* WHAT THE EXERCISE ASKS:
From the material below, please set down exactly the lines starting with the one with "To finalize this" and going on through the one with "A service task", without a single picture.

* MATERIAL FOR THIS TASK:
######
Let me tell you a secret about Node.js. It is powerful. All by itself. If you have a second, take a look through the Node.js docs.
######
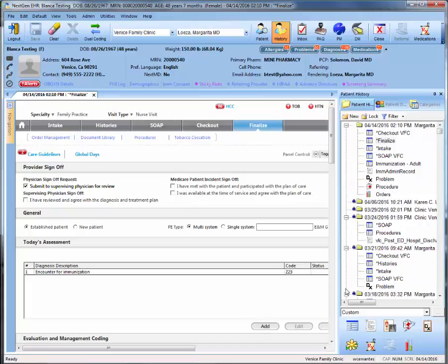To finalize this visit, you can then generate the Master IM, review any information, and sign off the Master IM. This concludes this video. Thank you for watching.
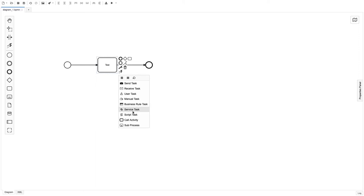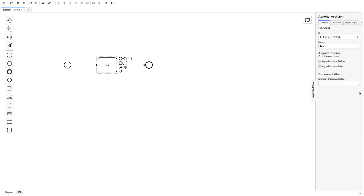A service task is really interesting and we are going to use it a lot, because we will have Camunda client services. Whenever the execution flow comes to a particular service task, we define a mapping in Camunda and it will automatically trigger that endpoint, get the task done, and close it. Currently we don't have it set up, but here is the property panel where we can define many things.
######
* COMPLETED EXERCISE:
To finalize this visit, you can then generate the Master IM, review any information, and sign off the Master IM. This concludes this video. Thank you for watching.
A service task is really interesting and we are going to use it a lot, because we will have Camunda client services. Whenever the execution flow comes to a particular service task, we define a mapping in Camunda and it will automatically trigger that endpoint, get the task done, and close it. Currently we don't have it set up, but here is the property panel where we can define many things.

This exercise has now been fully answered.